Hugh Segal, “Advancing the ‘Canadian Ideal’”

Understanding

  1. What does Segal mean by the “Canadian ideal”?
  2. According to Segal, Canadian history is relevant to the Canadian ideal. How?
  3. Segal says, “in the same way excessive patriotism is the refuge of the scoundrel, so too is ideology a conceit behind which can be found politicians who have little else but empty slogans or hollow cant to offer.” What does he mean by this?
  4. “Sustaining the Canadian ideal may require some new courage on our part,” Segal says What do we need courage to do, and why will it require courage?

Evaluation

  1. Segal says, “the Canadian ideal requires the architecture of economic performance and social civility to prosper and advance.” What does he mean by this? What balance between economic progress and social programs does he favour? Do you agree with him? Why or why not?
  2. Segal is a well-known conservative. What kind of conservative is he? What is your evidence from this article that he is a particular kind of conservative?

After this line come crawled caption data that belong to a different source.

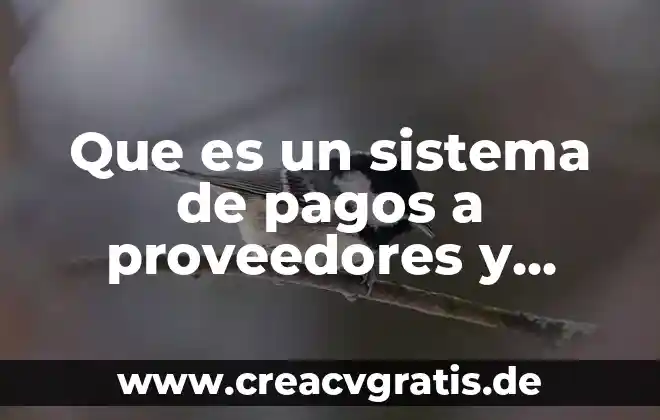 Que significa stp que es en pagos 7 Que es un sistema de pagos a proveedores y servicios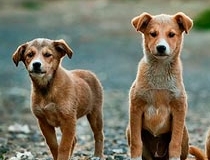 Animales de compañía
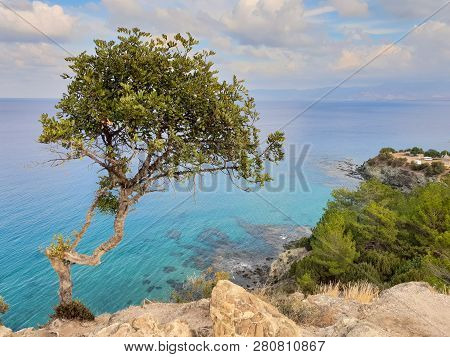 Beautiful View Of A Tree On Cliff Above The Mediterranean Sea As Seen From Aphrodite Hiking Trail In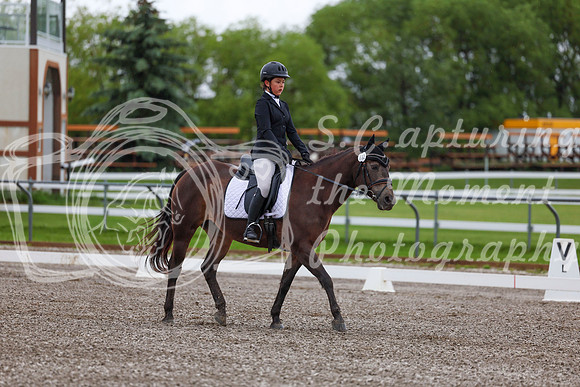 2025 - Dressage Festival - Sunday July 6th - 01626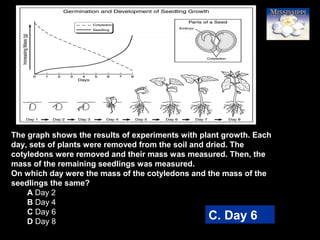 78
The graph shows the results of experiments with plant growth. Each
day, sets of plants were removed from the soil and dried. The
cotyledons were removed and their mass was measured. Then, the
mass of the remaining seedlings was measured.
On which day were the mass of the cotyledons and the mass of the
seedlings the same?
A Day 2
B Day 4
C Day 6
D Day 8
C. Day 6
 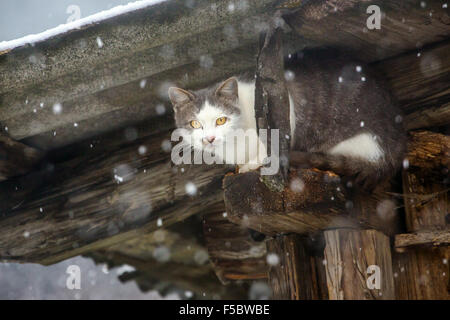 Stray cat hidding under the roof during strong snowfall Stock Photo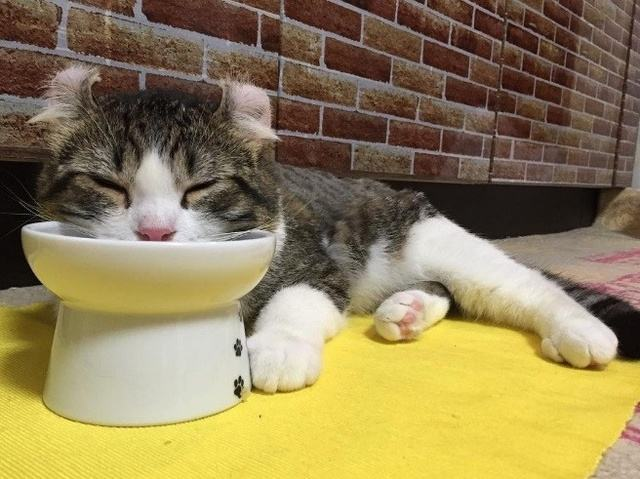 猫的声音为什么能让人引发保护欲?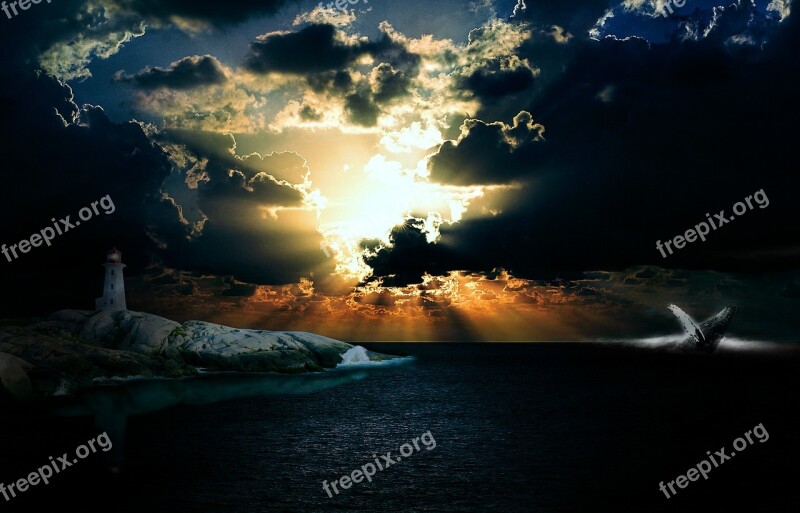 Humpback Whale Lighthouse Clouds Sea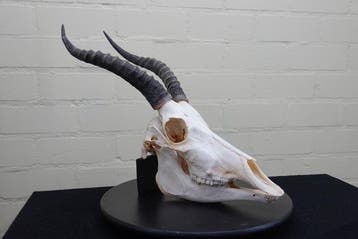 Blesbok Schedel - Damaliscus pygargus phillipsi - 0 cm - 0, Verzamelen, Nieuw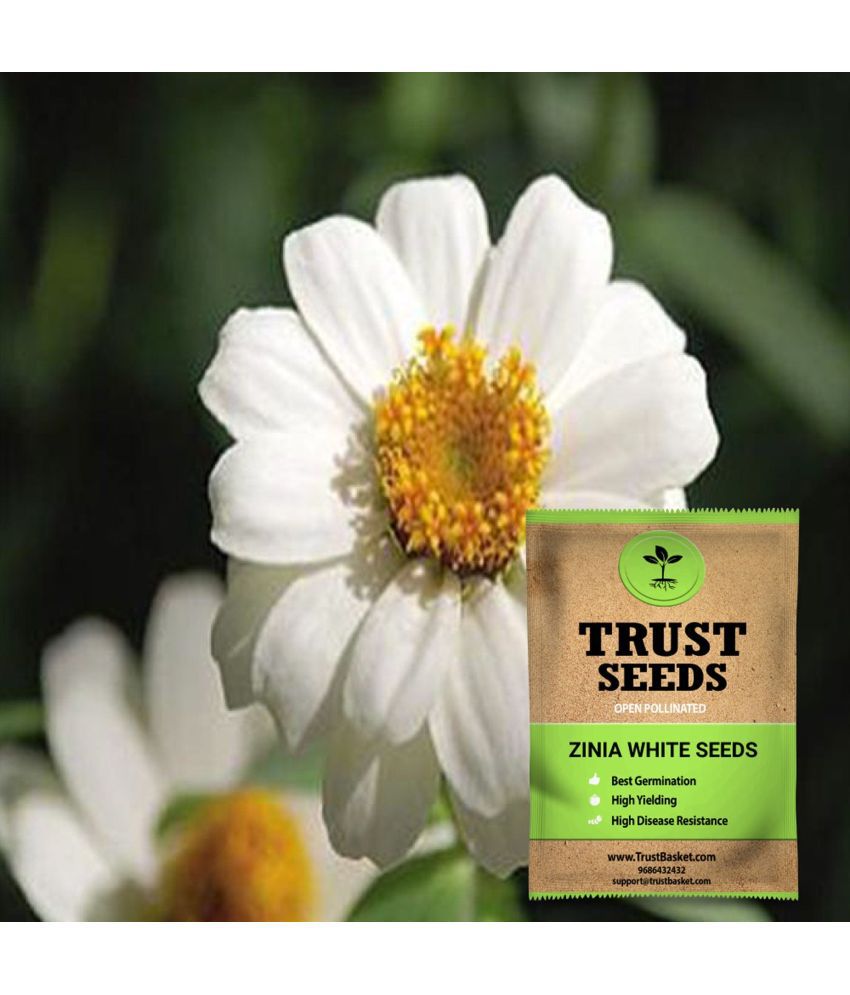     			TrustBasket Zinia White Seeds OP (15 Seeds)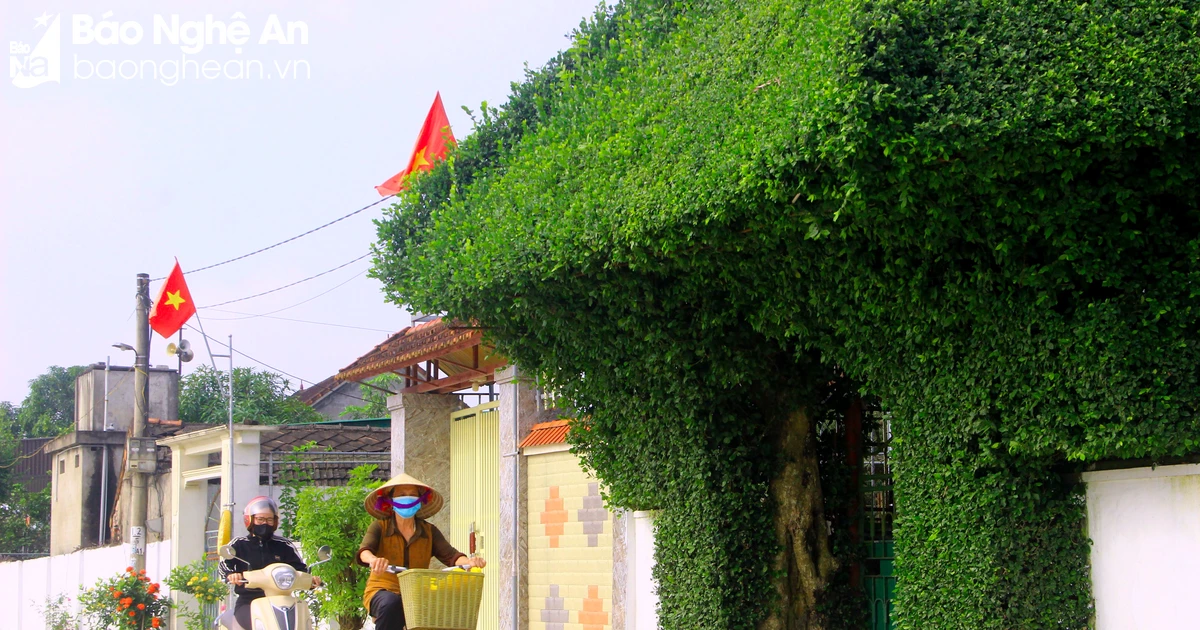 ជំហានឆ្ពោះទៅមុខក្នុងការកសាងជនបទគំរូថ្មីនៅទីក្រុង Nghe An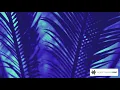 L.G.7-SUMMER TIME(music audio)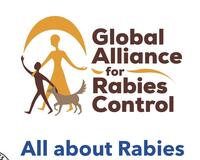 All About Rabies Ages 6-8 English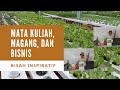 Kisah inspiratif! Anak muda sukses mengembangkan budidaya sayuran hidroponik.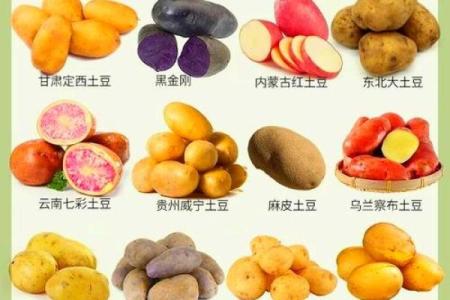 揭秘不同名字的独特魅力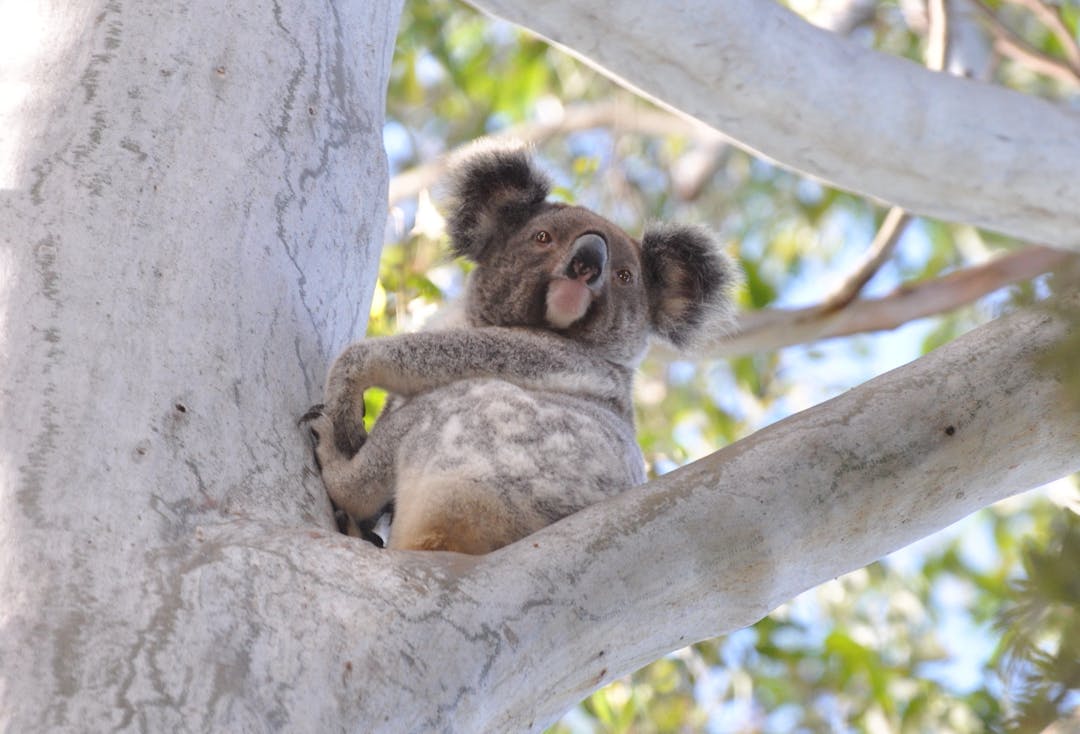 A close up shot of a koala in a tree at Tucki Tucki Creek.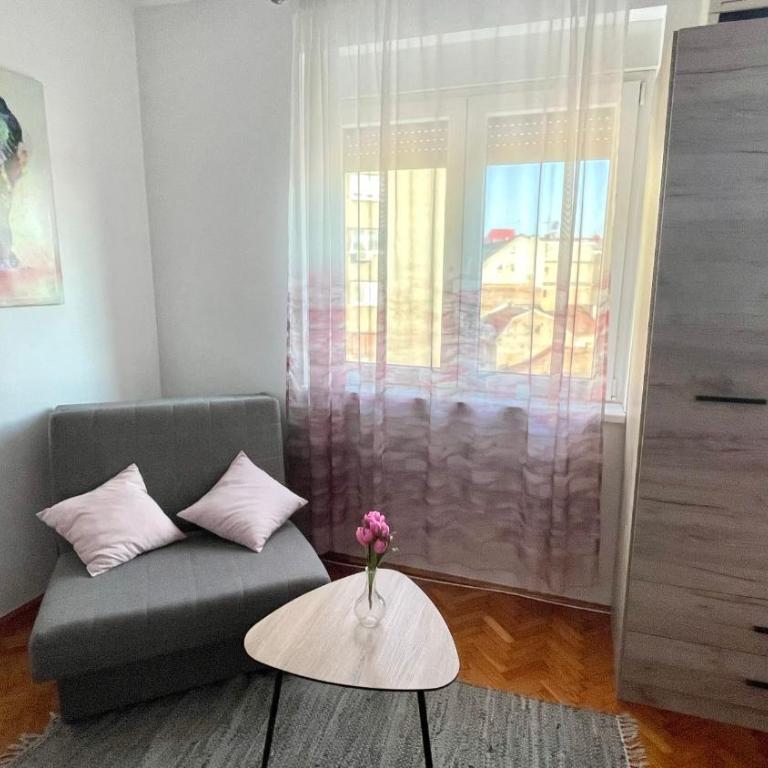 Downtown apartman T - Apartman sa 1 Spavaćom Sobom - 15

Will Kymlicka, “Being Canadian”

Understanding

  1. What does Kymlicka mean by the external dimensions of Canadian identity? What are the internal dimensions of Canadian identity?
  2. Kymlicka says Canada contains two kinds of ethnocultural diversity. What are they? How do they differ from each other?
  3. What is multination federalism? How does Canada exemplify it?
  4. How we deal with immigrant groups, Aboriginal peoples, and Quebec nationalism do not make us distinct, Kymlicka says. What does make us distinct with respect to these sorts of diversity?
  5. What is identity politics? How is it a factor in Canadian politics, according to Kymlicka?
  6. Kymlicka describes identity politics in Canada as banal. Why?

Evaluation

  1. Kymlicka says claims about Canadian distinctiveness are overblown. Why does he say this? Do you agree with him? Why or why not?
  2. Kymlicka says we as Canadians see ourselves as citizens of the world. What is required to be a good citizen of the world? Why? Do you think Canadians are good citizens of the world? Why or why not?
  3. Kymlicka suggests that citizens cooperate when political institutions are trustworthy, even in the absence of a strong national identity. Why does he say this? Do you agree with him? Why or why not?
  4. Does Kymlicka think it is important to have a Canadian identity? Why or why not? Do you? Why or why not? (If you are on a visa, do you identify with your home country? Why or why not?)

Comparisons

  1. Segal sees Canadian history as an important part of Canadian identity. Kymlicka, however, spends much less time on history. What do you think they would say to each other? What do you think Borrows, Chaput, Tully, or Taylor would say? What is your own view, and why?
  2. Kymlicka argues that a pan-Canadian identity is unnecessary. Why does he say this? Do you think Segal would agree? How about Taylor or Borrows? Why? What do you think, and why?
  3. According to Kymlicka, identity claims are negotiable in Canada. Why does he say this? Do you think Borrows, Chaput, Lamoureux, Shachar, or Berger would agree? Why or why not? What do you think, and why?
  4. As Kymlicka says, many countries have strong national identities but little trust in political institutions. He cites Russia as an example, but this is true of almost every poor country in the world, especially former colonies. But most countries with trustworthy political institutions—primarily wealthy democracies—do have strong national identities. (Think of the countries in western Europe, Australia, Japan, and the US.) Kymlicka suggests they can or will move away from national identities. Why does he say this? Do you agree with him? Why or why not?